*** Block opens ***

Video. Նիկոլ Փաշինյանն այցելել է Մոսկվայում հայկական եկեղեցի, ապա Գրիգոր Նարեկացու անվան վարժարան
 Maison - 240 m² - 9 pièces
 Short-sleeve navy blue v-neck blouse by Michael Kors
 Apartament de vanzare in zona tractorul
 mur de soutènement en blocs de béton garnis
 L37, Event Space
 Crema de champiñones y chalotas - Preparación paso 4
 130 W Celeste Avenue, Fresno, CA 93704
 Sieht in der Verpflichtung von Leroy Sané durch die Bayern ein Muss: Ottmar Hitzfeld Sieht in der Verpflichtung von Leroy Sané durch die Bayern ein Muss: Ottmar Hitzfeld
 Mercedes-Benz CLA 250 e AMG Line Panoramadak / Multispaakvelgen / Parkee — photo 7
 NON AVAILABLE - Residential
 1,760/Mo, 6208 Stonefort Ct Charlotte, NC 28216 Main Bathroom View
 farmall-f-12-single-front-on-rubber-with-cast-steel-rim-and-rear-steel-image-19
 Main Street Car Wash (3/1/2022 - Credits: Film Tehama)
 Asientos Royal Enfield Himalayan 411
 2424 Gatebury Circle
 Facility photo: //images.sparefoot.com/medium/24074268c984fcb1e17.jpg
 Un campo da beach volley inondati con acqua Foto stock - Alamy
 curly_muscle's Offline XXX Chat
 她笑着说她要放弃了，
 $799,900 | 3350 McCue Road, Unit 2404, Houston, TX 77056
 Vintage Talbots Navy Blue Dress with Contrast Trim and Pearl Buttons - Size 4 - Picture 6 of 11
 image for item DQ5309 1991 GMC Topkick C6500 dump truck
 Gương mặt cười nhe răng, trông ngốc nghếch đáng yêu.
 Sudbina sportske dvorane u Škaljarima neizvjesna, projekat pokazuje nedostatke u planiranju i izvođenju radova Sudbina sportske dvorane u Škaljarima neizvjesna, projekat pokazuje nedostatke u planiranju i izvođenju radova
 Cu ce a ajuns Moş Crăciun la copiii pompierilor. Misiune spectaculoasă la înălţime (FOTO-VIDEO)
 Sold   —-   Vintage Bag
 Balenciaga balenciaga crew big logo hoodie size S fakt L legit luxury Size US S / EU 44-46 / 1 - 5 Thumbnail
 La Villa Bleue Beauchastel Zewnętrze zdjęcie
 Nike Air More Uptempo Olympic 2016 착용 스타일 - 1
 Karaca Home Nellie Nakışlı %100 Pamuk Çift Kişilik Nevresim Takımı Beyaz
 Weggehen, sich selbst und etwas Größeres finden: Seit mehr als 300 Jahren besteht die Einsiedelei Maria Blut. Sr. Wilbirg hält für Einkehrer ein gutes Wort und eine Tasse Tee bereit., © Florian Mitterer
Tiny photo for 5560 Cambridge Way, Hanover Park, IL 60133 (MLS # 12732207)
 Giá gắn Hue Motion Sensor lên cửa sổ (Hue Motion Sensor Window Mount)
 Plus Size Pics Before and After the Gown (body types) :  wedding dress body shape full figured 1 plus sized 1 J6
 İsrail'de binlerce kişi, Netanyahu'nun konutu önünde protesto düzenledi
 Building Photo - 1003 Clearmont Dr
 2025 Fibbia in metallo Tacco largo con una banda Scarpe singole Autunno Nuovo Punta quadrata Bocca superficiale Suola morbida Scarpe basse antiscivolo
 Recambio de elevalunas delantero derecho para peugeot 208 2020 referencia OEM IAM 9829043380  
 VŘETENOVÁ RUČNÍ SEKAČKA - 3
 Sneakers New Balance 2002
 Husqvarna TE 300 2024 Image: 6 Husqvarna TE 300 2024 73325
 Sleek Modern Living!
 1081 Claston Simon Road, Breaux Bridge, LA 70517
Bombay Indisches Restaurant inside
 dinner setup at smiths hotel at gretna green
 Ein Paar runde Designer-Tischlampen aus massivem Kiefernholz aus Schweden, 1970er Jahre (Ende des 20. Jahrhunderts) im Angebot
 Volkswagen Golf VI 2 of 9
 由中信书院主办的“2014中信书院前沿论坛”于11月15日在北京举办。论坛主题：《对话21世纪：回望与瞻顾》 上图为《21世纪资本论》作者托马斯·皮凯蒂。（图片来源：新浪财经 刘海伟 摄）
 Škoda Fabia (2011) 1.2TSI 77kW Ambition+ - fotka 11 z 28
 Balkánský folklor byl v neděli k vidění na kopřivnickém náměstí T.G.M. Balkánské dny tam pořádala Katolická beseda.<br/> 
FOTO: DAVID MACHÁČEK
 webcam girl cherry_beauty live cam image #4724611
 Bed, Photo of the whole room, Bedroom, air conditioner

*** Block closes ***

§ GOAL OF THE EXERCISE: Return only those lines of the records that contain the string "Size".

§ RESPONSE AREA:
 Vintage Talbots Navy Blue Dress with Contrast Trim and Pearl Buttons - Size 4 - Picture 6 of 11
 Balenciaga balenciaga crew big logo hoodie size S fakt L legit luxury Size US S / EU 44-46 / 1 - 5 Thumbnail
 Plus Size Pics Before and After the Gown (body types) :  wedding dress body shape full figured 1 plus sized 1 J6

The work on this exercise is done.